The past year has been both challenging and rewarding. It has been both physically mentally exhausting, but worth every second. I was honored when I was asked to crossover and become a volunteer for Stable Hands. It gave me more time on the ranch and introduced me to a whole new group of people who care. It humbles me to help bring people joy.
Then one day I was watching one of the horses named Big Country, and it hit me. My horse has PTSD. Horses are prey animals, constantly on guard for that fence post that might get it. Us vets are constantly on guard for the same thing. Horses can never sleep peacefully because of the harm that COULD come.
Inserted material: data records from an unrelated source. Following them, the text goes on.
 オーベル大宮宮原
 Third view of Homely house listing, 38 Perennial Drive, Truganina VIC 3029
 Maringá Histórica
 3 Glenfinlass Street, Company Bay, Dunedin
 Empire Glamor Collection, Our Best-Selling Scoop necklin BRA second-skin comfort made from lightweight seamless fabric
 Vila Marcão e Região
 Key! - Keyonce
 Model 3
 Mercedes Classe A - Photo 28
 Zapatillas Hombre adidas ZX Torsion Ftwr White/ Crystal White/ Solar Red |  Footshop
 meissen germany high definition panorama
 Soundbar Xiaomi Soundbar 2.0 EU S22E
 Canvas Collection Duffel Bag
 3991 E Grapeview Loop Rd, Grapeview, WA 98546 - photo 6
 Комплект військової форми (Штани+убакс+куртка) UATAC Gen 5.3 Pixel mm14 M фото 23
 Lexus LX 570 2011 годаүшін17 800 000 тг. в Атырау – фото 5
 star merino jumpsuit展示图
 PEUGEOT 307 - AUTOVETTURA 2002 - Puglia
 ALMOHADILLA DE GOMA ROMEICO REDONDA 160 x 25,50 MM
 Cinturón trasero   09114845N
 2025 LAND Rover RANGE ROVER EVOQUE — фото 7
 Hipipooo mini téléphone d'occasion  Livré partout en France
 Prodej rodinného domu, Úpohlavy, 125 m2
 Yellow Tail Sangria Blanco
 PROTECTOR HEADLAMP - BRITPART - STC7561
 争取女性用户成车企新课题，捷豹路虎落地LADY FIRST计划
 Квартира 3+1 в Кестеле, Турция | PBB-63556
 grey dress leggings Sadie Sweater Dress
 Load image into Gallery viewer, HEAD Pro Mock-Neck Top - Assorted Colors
We had that same trait drilled into us.
Fall asleep on guard, and the enemy will slit your throat. Horses don't like loud noises, and neither do we. Running up behind a horse is a good way to get kicked. Running up behind a vet...you might find yourself on your back looking at the sky. But most damaging and frustrating, you feel you are never safe, like there is always something wanting to do you harm.
Both groups, vets and horses, have a constant power struggle. Always nipping and biting, fighting for their place in the herd. External threats and internal power struggles forbid showing any sign of weakness or pain.
Horses allow us to climb onto their backs. They choose to allow us to burden them with our weight, but they also dissolve our tension. A good polite horse will carry the most fragile of riders with the utmost care. And like the veterans they carry, they are proud to be of service.
I have always believed that veterans helping veterans was a big part of the answer, but I would not be here today without the horses.
"There is nothing better for the inside of a man than the outside of a horse"
"There is something about the outside of a horse that is good for the inside of a man"
My name is Joseph Sellman. I was a Sergeant in the United States Marine Corps. I am a ten-year survivor of the war in Iraq; and I am a proud participant in the Horses Helping Heroes Program. Thank you for your time and have a good day.